_What you need to do_: For this exercise, retype the lines from the one that holds "Fjbottle Butelka termiczna" through the one that holds "Cum pot verifica" in the records below, both included, exactly and without pictures.

_Study material_:
----

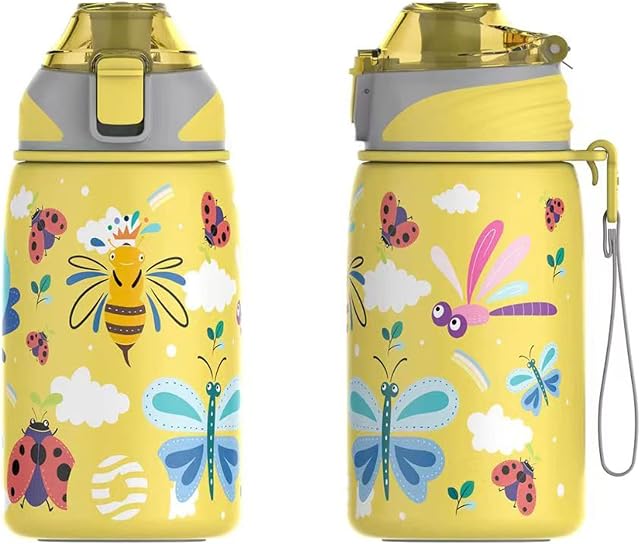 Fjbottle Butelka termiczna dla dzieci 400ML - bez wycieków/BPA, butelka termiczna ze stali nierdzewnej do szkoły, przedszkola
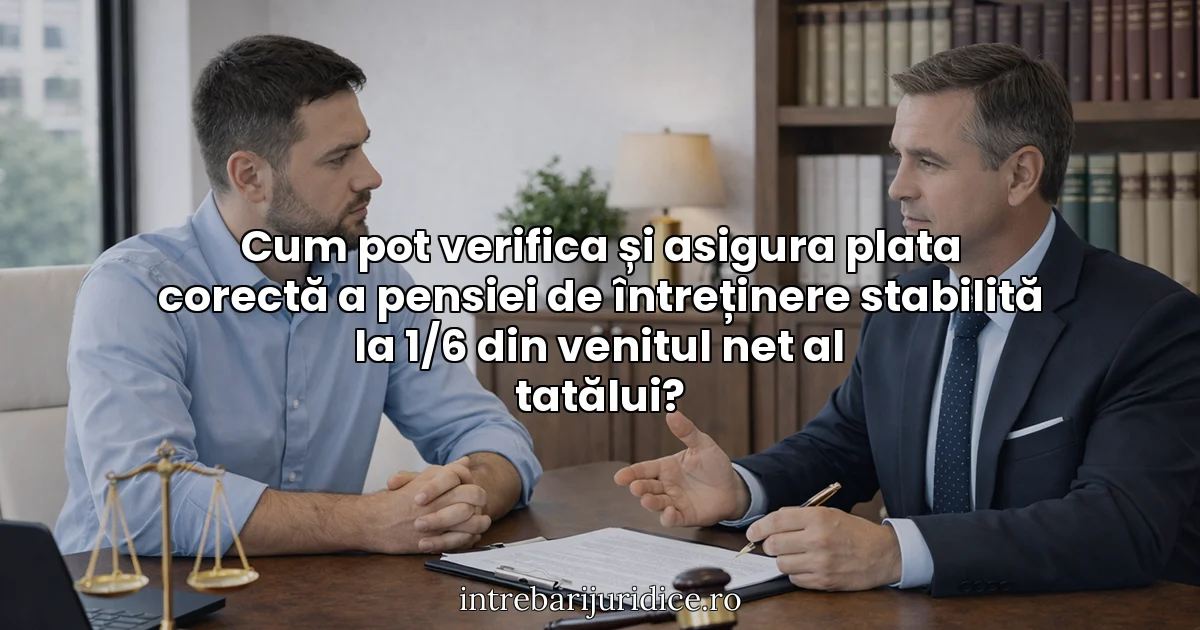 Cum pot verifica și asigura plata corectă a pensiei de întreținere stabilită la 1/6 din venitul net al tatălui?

----

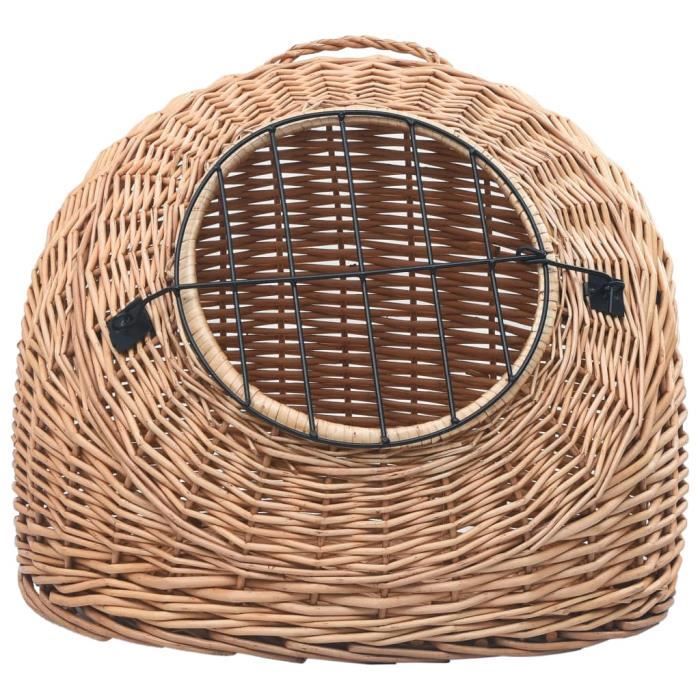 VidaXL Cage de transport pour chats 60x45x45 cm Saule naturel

----

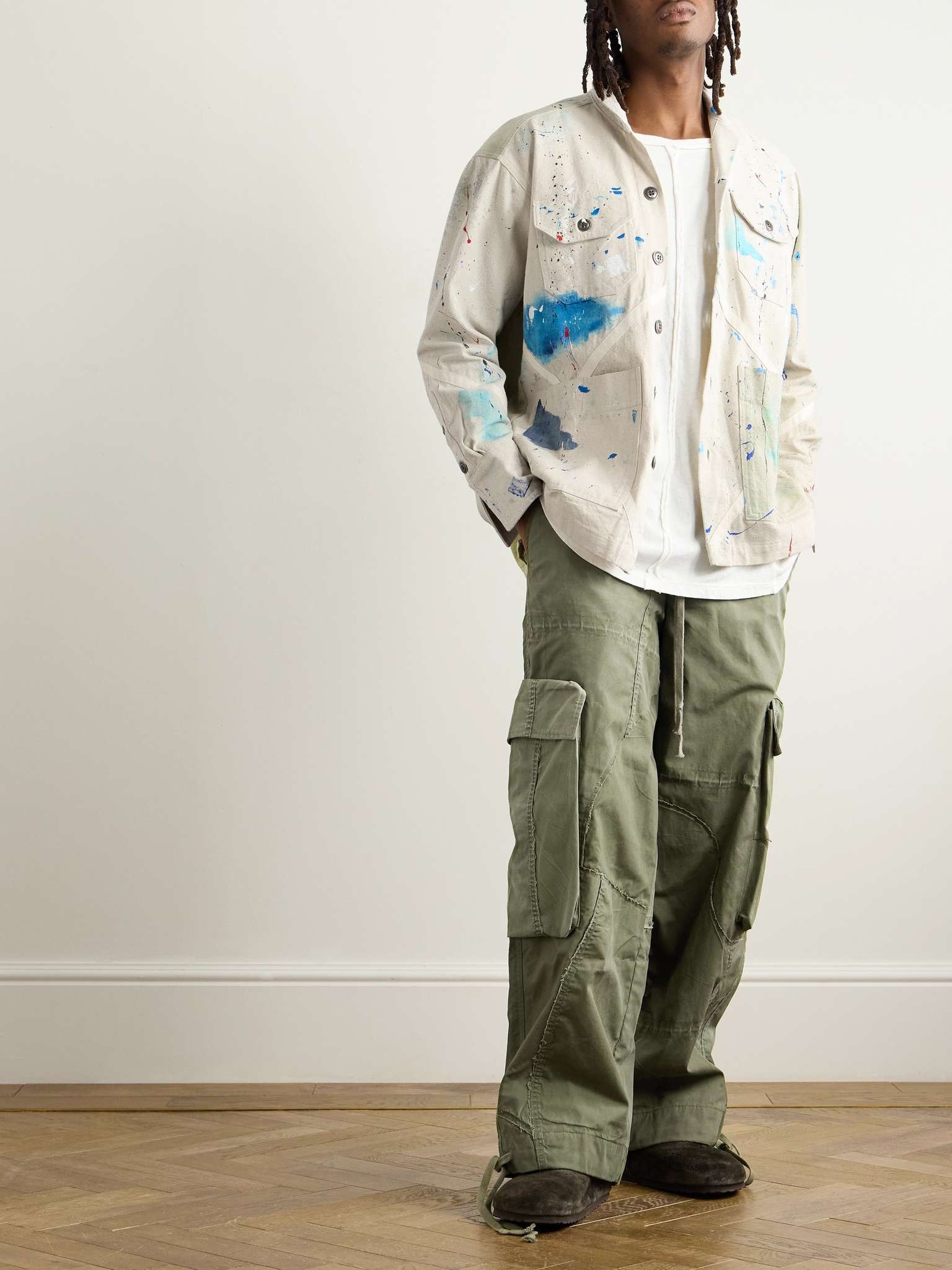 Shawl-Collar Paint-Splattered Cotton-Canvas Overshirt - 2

----

_Exercise response_:
 Fjbottle Butelka termiczna dla dzieci 400ML - bez wycieków/BPA, butelka termiczna ze stali nierdzewnej do szkoły, przedszkola
 Cum pot verifica și asigura plata corectă a pensiei de întreținere stabilită la 1/6 din venitul net al tatălui?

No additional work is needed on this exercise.